We have previously reported that the low rate of proliferation in NOD immature thymocytes upon complete DP thymocyte depletion maps to the Idd6 region (48). This observation, taken together with the data presented in this article, suggests that Idd6 is involved in the control of both apoptosis and proliferation. We envisage two possible explanations for the involvement of Idd6 in the development of type 1 diabetes. First, Idd6 could represent a gene controlling the survival/apoptosis decisions during T-cell development. Signaling pathways leading to apoptosis and cell proliferation are frequently tightly coupled, and proto-oncoproteins, such as c-Myc and Ras, control both cell proliferation and pathways leading to apoptosis (49,50). Therefore, a single genetic modification could lead to alterations in both apoptosis and proliferations in immature thymocytes.

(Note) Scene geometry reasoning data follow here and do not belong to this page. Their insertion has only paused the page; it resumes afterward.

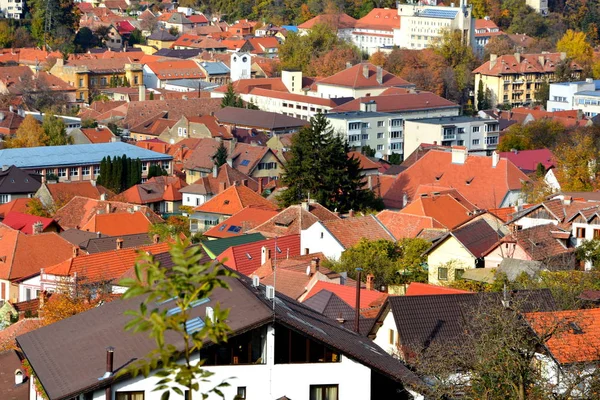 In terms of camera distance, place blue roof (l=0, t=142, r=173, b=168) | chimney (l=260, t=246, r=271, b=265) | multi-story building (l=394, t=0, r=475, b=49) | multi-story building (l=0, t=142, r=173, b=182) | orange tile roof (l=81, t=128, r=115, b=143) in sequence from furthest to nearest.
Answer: multi-story building (l=394, t=0, r=475, b=49), orange tile roof (l=81, t=128, r=115, b=143), blue roof (l=0, t=142, r=173, b=168), multi-story building (l=0, t=142, r=173, b=182), chimney (l=260, t=246, r=271, b=265)

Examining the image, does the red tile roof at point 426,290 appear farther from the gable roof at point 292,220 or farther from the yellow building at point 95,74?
the yellow building at point 95,74

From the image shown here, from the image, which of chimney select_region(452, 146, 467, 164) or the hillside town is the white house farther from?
chimney select_region(452, 146, 467, 164)

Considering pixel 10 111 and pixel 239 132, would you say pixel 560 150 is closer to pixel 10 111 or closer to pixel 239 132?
pixel 239 132

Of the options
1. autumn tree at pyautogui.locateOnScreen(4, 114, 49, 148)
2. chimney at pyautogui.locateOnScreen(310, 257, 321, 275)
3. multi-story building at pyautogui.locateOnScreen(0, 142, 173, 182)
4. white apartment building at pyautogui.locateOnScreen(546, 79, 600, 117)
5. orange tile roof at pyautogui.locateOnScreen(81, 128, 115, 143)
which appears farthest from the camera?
white apartment building at pyautogui.locateOnScreen(546, 79, 600, 117)

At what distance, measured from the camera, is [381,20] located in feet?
331

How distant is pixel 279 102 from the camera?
7525 cm

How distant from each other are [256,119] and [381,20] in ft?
117

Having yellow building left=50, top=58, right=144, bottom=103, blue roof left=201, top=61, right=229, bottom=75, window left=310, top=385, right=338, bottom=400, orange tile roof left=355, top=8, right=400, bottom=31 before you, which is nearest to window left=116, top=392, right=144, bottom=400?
window left=310, top=385, right=338, bottom=400

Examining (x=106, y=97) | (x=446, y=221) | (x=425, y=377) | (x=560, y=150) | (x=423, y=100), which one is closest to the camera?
(x=425, y=377)

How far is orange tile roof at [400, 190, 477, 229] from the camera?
121ft

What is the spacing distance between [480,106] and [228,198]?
39951mm

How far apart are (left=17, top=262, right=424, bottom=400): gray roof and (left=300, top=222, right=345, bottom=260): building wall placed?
15.8m

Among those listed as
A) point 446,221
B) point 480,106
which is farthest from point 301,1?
point 446,221

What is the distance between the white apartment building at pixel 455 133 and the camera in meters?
61.4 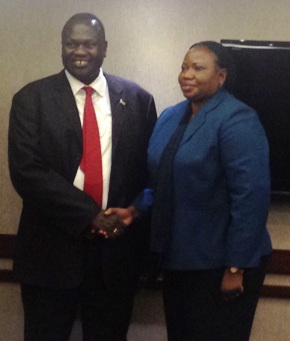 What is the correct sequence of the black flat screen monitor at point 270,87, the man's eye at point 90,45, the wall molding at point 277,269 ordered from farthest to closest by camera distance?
1. the wall molding at point 277,269
2. the black flat screen monitor at point 270,87
3. the man's eye at point 90,45

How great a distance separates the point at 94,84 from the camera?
196 centimetres

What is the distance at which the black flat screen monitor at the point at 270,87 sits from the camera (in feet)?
7.04

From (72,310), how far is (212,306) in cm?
49

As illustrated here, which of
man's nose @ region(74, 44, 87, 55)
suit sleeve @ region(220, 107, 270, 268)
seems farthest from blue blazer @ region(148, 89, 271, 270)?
man's nose @ region(74, 44, 87, 55)

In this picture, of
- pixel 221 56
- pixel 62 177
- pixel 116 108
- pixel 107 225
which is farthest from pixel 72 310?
pixel 221 56

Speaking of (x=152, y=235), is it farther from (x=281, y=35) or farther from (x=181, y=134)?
(x=281, y=35)

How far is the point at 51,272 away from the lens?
1.95m

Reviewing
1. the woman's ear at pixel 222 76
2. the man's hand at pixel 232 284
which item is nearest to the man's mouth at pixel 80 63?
the woman's ear at pixel 222 76

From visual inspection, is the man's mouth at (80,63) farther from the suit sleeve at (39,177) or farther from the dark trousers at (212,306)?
the dark trousers at (212,306)

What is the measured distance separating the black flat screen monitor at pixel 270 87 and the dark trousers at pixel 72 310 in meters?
0.73

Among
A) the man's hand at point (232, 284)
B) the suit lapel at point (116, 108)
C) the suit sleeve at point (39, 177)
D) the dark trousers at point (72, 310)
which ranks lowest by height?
the dark trousers at point (72, 310)

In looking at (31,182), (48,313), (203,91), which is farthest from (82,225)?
(203,91)

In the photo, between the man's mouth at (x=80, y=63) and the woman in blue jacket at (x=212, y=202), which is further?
the man's mouth at (x=80, y=63)

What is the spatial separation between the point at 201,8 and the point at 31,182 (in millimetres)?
922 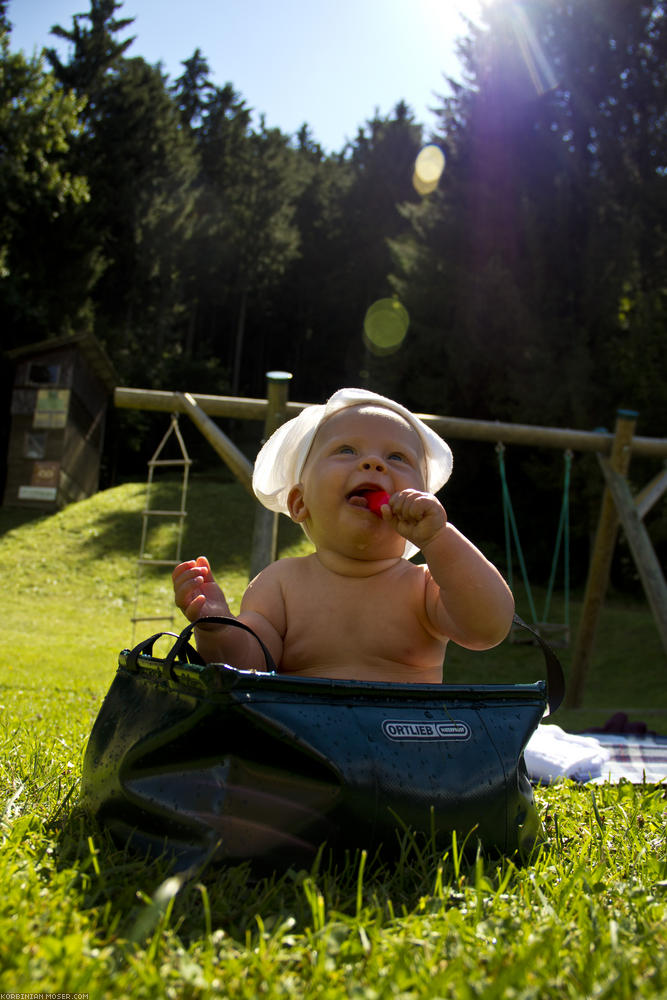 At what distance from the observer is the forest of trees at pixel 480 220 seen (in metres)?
14.6

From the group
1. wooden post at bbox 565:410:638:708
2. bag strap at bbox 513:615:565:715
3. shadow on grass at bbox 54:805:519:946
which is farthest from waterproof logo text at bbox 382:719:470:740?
wooden post at bbox 565:410:638:708

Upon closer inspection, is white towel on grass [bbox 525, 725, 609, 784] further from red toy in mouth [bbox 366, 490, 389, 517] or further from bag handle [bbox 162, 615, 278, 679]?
bag handle [bbox 162, 615, 278, 679]

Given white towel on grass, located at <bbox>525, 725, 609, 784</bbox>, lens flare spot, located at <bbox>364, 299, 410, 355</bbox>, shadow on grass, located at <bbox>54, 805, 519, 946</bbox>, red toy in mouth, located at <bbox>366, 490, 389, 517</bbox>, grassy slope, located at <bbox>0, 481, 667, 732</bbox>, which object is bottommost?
grassy slope, located at <bbox>0, 481, 667, 732</bbox>

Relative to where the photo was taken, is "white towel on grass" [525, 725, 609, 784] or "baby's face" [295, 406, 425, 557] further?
"white towel on grass" [525, 725, 609, 784]

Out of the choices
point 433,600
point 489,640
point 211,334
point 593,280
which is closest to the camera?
point 489,640

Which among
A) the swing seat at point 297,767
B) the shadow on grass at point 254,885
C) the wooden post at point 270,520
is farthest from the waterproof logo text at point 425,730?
the wooden post at point 270,520

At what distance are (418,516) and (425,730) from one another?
47 cm

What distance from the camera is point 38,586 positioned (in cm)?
1080

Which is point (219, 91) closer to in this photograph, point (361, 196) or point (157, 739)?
point (361, 196)

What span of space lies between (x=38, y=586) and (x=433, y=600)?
982 cm

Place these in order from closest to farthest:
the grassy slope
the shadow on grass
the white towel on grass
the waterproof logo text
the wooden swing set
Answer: the shadow on grass < the waterproof logo text < the white towel on grass < the wooden swing set < the grassy slope

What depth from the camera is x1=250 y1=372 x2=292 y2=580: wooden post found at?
502cm

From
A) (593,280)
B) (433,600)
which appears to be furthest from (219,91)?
(433,600)

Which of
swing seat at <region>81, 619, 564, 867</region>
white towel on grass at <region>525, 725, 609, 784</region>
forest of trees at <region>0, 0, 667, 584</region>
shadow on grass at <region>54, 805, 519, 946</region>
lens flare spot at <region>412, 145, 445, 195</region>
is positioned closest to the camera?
shadow on grass at <region>54, 805, 519, 946</region> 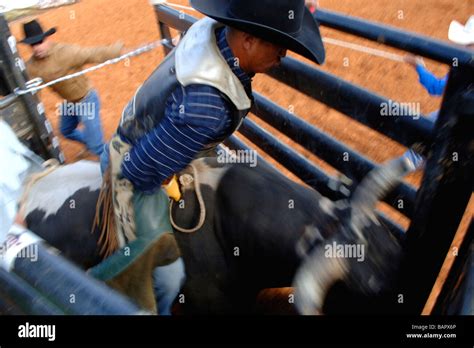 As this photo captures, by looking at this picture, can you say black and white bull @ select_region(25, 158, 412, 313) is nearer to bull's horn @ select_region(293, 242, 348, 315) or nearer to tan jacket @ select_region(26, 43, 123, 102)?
bull's horn @ select_region(293, 242, 348, 315)

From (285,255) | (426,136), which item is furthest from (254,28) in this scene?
(285,255)

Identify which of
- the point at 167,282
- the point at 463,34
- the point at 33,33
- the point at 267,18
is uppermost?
the point at 267,18

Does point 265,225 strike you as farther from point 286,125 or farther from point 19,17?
point 19,17

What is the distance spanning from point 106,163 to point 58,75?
221 cm

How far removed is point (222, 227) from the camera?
2.01m

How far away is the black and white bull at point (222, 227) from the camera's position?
1.86 m

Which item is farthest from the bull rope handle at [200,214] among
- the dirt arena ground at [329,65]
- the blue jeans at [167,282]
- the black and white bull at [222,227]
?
the dirt arena ground at [329,65]

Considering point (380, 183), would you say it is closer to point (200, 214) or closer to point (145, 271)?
point (200, 214)

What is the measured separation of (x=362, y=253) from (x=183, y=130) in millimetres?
780

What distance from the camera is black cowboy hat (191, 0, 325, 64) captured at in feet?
4.82

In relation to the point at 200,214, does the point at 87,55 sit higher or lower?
higher

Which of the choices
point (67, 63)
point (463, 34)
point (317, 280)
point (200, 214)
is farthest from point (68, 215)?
point (463, 34)

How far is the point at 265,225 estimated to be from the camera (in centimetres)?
192

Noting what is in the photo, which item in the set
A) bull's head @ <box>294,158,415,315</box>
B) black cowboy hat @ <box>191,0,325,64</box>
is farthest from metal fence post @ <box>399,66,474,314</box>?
black cowboy hat @ <box>191,0,325,64</box>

Second, Idd6 could constitute a gene controlling proliferation of immature thymocytes. Such slower dynamics of thymocyte differentiation in the NOD mouse could potentially lead to an accumulation of cells resistant to Dxm-induced apoptosis. NOD mature CD4 T-cells have previously been reported to be resistant to activation-induced cell death due to the interaction with NOD antigen-presenting cells (APCs) (51). Therefore, it remains to be solved whether the apoptosis resistance reported here is due to a thymocyte autonomous effect or if it is mediated through APCs.

This work was supported by grants from the Swedish Research Council and the Portuguese Foundation for Science and Technology.

We wish to acknowledge Hans Andersson for help with statistical analysis, Céu Conceição for technical assistance, and Dr. Mario Penha-Gonçalves for advice and discussions. The experiments reported here comply with the national laws and rules for animal experimentation.